The findings could lead to the Holy Grail of nutrition -- helping people learn to really like vegetables.
As an evolutionary survival mechanism, humans are wired to prefer sweet-tasting foods and avoid bitter substances. In the distant past, that helped humans avoid poison and find food that provided energy. Now, it is leading to obesity.
In several publications, the most recent in the journal Chemical Senses, scientists have outlined exactly how humans use the nose and tongue to recognize the flavor of foods that are safe to eat.
When odor and taste components of foods are congruent, like vanilla and sugar, they are perceived as one sensation, which seems to come from the mouth.
"This is a trick that the brain plays on us. Vanilla has no taste at all. It's a smell, and the pleasant sensation is coming not from your mouth but from the nose, through the passage way between the back of the mouth and the back of the nose," said Juyun Lim, an OSU assistant professor of food science and technology.
When flavors are "incongruent" and not as commonly found together -- like vanilla and salt -- then people believe they are smelling the vanilla from the nose rather than tasting it in the mouth.
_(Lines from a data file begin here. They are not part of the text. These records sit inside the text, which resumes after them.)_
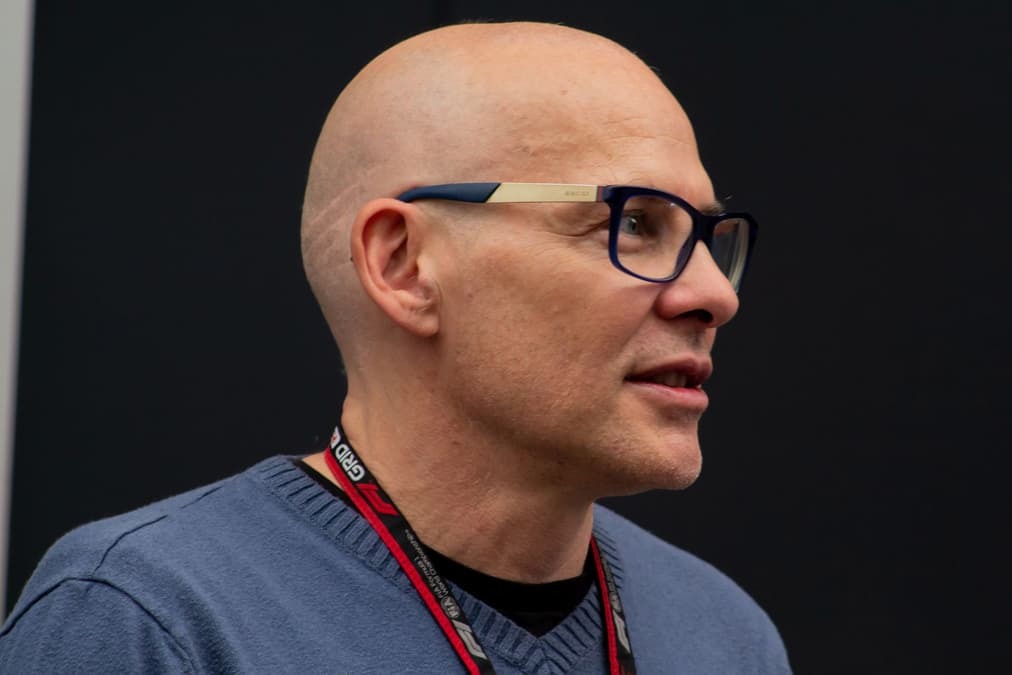 Villeneuve cuestiona a Mercedes por error de Monza y apunta contra Antonelli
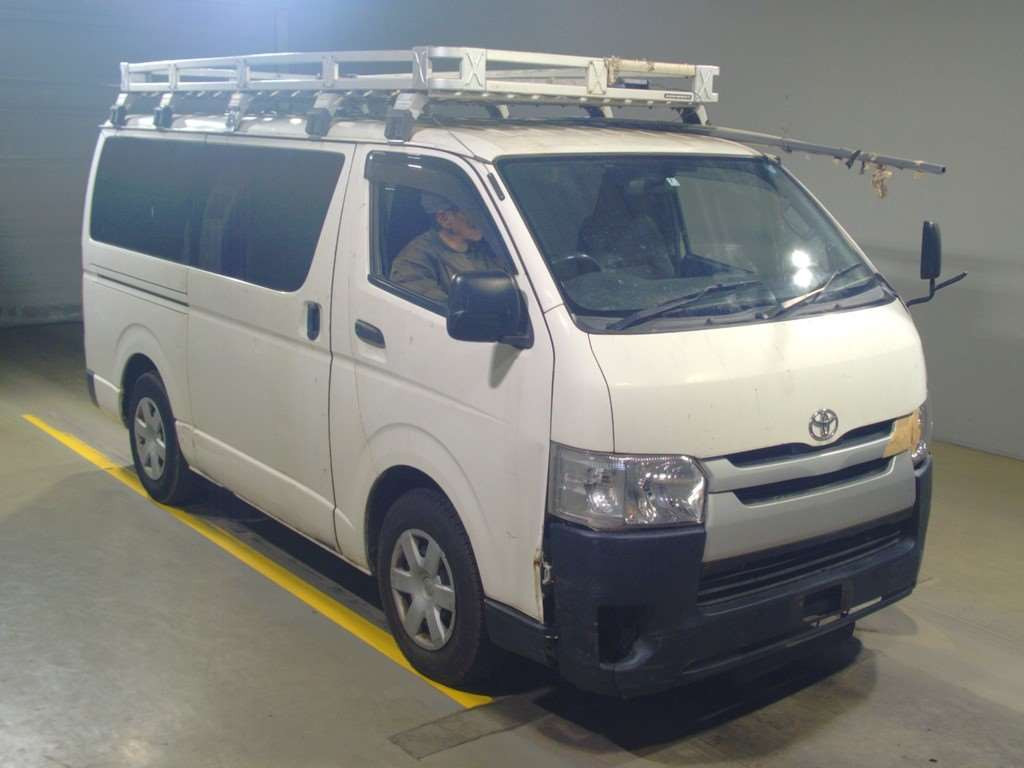 2014 Toyota Regiusace Van KDH201V[2]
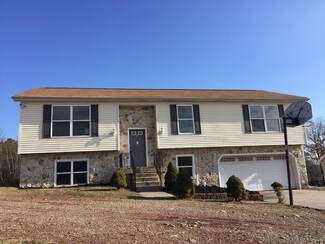 31 Sunset Dr, Hazle Township, PA 18201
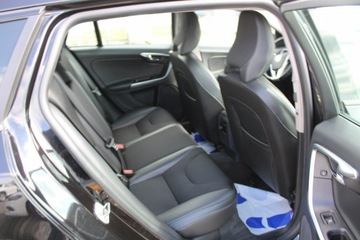 Volvo V60 I Kombi Facelifting 2.0 D4 DRIVE-E 190KM 2018 Volvo V60 Cross Country Momentum 190HP F-vat Salon, zdjęcie 16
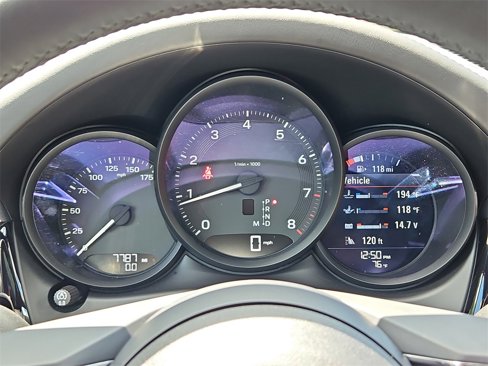 Used 2025 Porsche Macan image 36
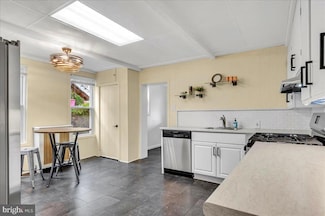 208 8th St, Brookhaven, PA 19015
"This was an amazing part of our experiments, we did not expect a result so compelling. There has been confusion for centuries about exactly how our senses of taste and smell work. We're finally starting to work this out," Lim said.
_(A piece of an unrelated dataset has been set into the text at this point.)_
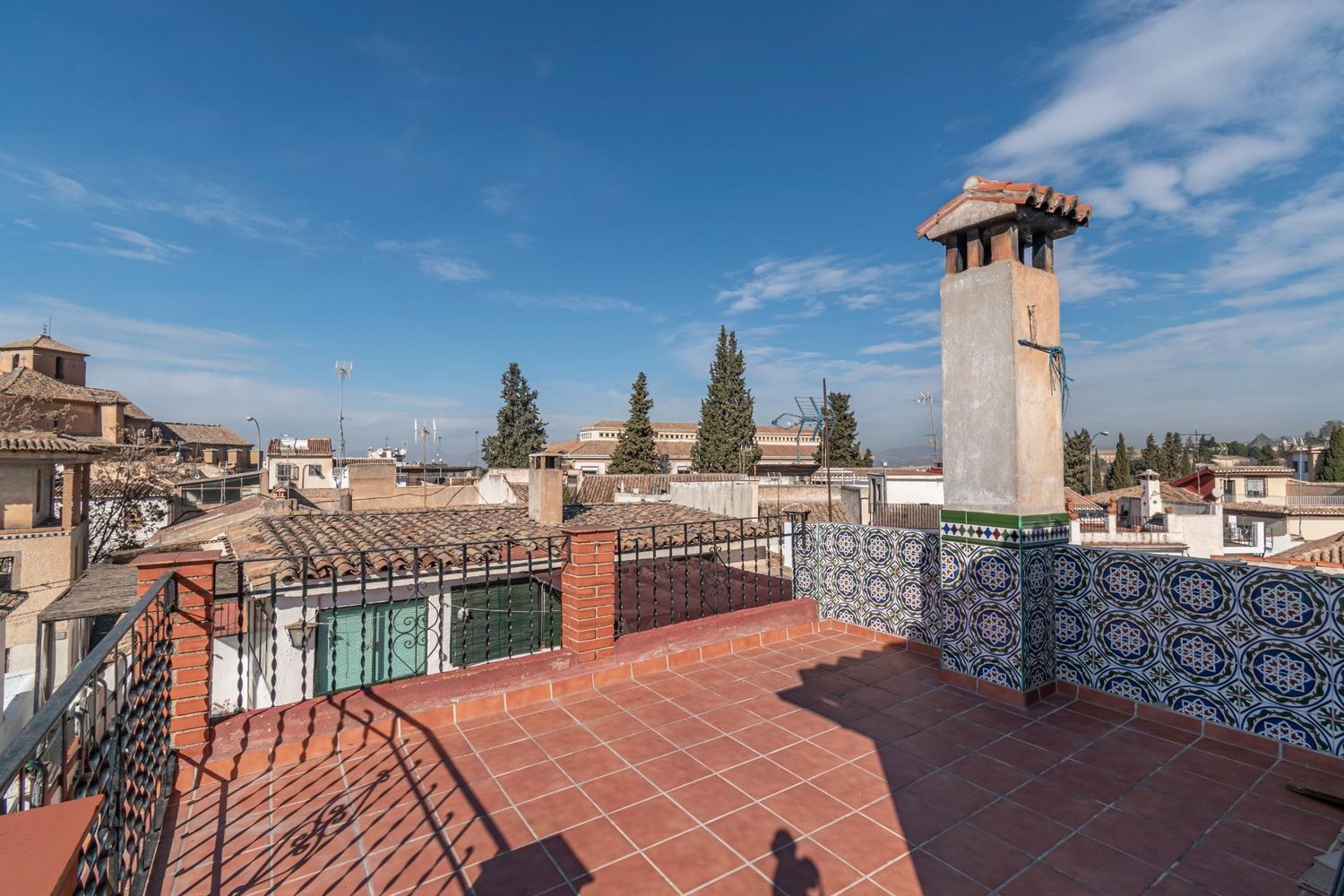 Exterior view of House or chalet for sale in  Granada Capital  with Terrace and Storage room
There are actually several senses that relate to the perceived "flavor" of a food, Lim said. These include taste, which resides solely in the tongue; smell, which is exclusively in the nose; and some senses, which includes things like touch, temperature, and the burn of hot peppers. Even though the mouth and nose are pretty closely connected, taste and smell do not actually interact with each other there at all.
The real action happens in the brain. It decides what you are eating and whether it is safe or not.
In the brain, there is a taste center and a smell center, and lurking just behind the eyes is a third center called the orbital frontal cortex, where taste and smell sensations are integrated into the perception of a single flavor. That verdict gets relayed back to the tongue and gives the impression of flavor in the mouth.
The mechanisms of flavor perception, including those that are both congruent and incongruent, probably evolved as a protective mechanism, Lim said. Foods that were sweet or salty were usually safe to eat and provided needed macronutrients, like carbohydrates and salt, and consequently those flavors came to be desired, she said.
Sourness and bitterness, by comparison, often meant food was spoiled or contained toxins and were a warning sign not to eat it.
Those mechanisms served well to prevent a cave dweller from starving or getting poisoned, she said, but they are still present and, in today's world, lead straight to ice cream, soft drinks and obesity. Even so, Lim said, flavor perception is still largely a learned behavior.
"Hardly anyone really likes the somewhat bitter taste of coffee the first time they drink it, but they like the caffeine. Since the coffee makes them feel energized, they learn to like its flavor," Lim said.
As the understanding improves of how taste and smell actually work to control our perceptions of flavor, she said, it may be possible to use that knowledge to lead humans toward an improved diet.
The research team is investigating whether people can learn to like vegetables and the potential mechanisms underlying that process.
"Many people say they don't like the 'taste' of cruciferous vegetables like cauliflower or Brussels sprouts, for instance. But what they are mainly reacting to is the smell of these vegetables, which includes a defensive compound that makes even other animals shy away from eating them. Find a way to help improve their smell, and you'll find a way to make people enjoy eating them," Lim said.